-- Supplied records --
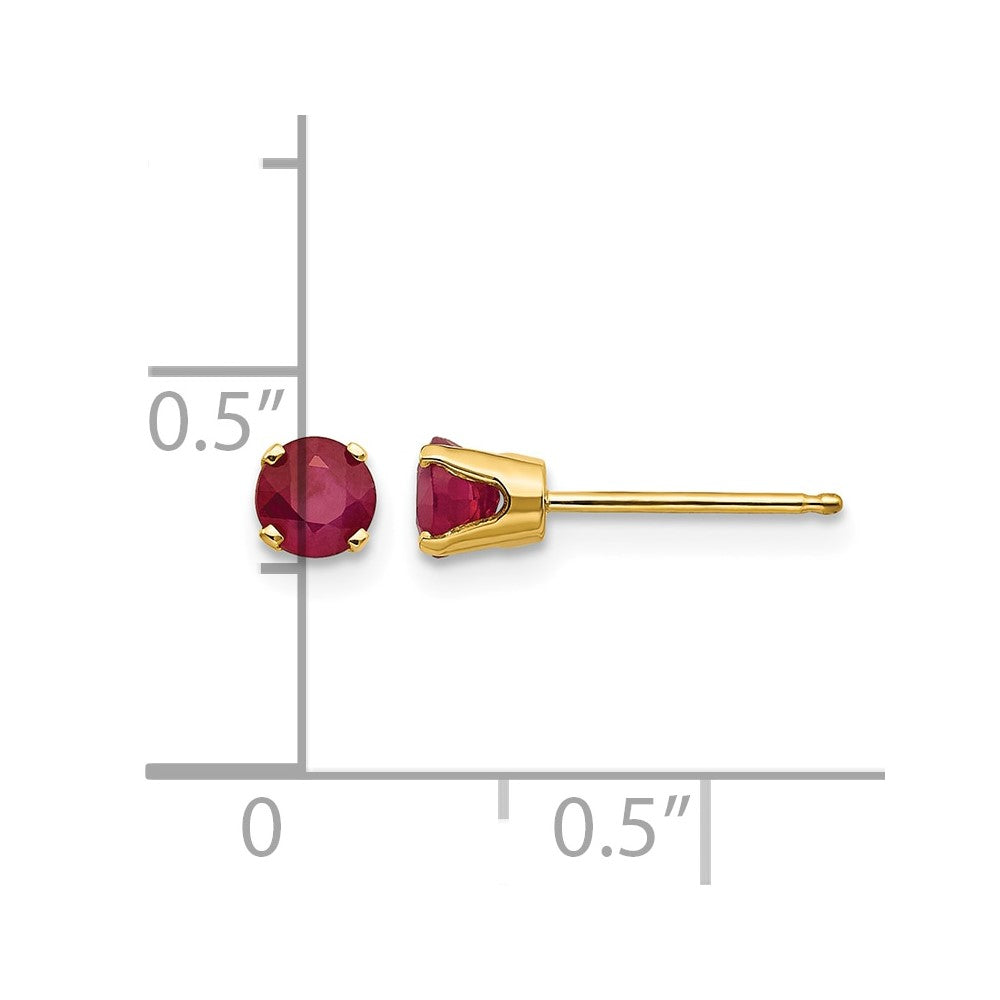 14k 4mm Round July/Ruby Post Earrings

...

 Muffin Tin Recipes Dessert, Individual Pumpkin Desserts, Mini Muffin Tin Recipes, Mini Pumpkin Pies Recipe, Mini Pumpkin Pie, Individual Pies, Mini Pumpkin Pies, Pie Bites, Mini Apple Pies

--

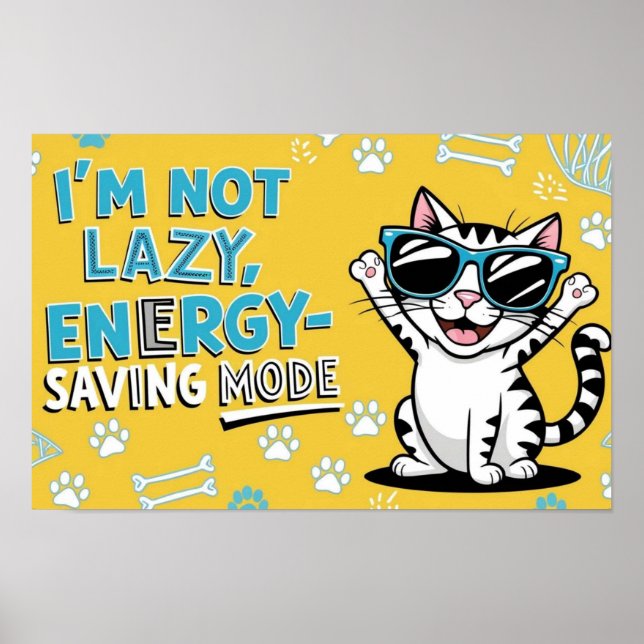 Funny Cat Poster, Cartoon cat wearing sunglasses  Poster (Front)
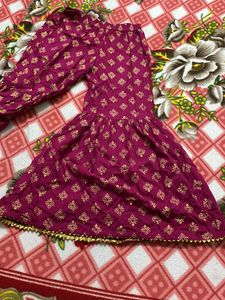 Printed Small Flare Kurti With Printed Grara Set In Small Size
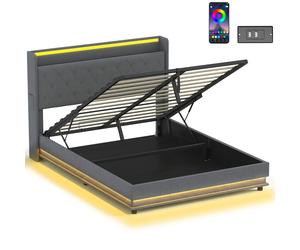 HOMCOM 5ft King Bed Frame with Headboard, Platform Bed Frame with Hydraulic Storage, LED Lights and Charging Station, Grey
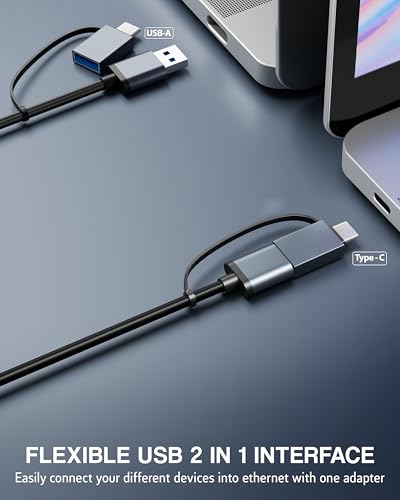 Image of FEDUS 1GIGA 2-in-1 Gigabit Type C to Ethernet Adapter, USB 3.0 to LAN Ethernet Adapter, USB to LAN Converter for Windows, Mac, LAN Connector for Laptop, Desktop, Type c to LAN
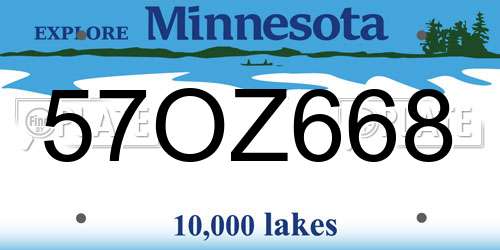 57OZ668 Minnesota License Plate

-- Activity --
To complete this exercise, transcribe exactly the lines above from the one that holds "Image of FEDUS" through the one that holds "57OZ668 Minnesota License Plate". Pictures stay out.

-- Solution to this task --
 Image of FEDUS 1GIGA 2-in-1 Gigabit Type C to Ethernet Adapter, USB 3.0 to LAN Ethernet Adapter, USB to LAN Converter for Windows, Mac, LAN Connector for Laptop, Desktop, Type c to LAN
 57OZ668 Minnesota License Plate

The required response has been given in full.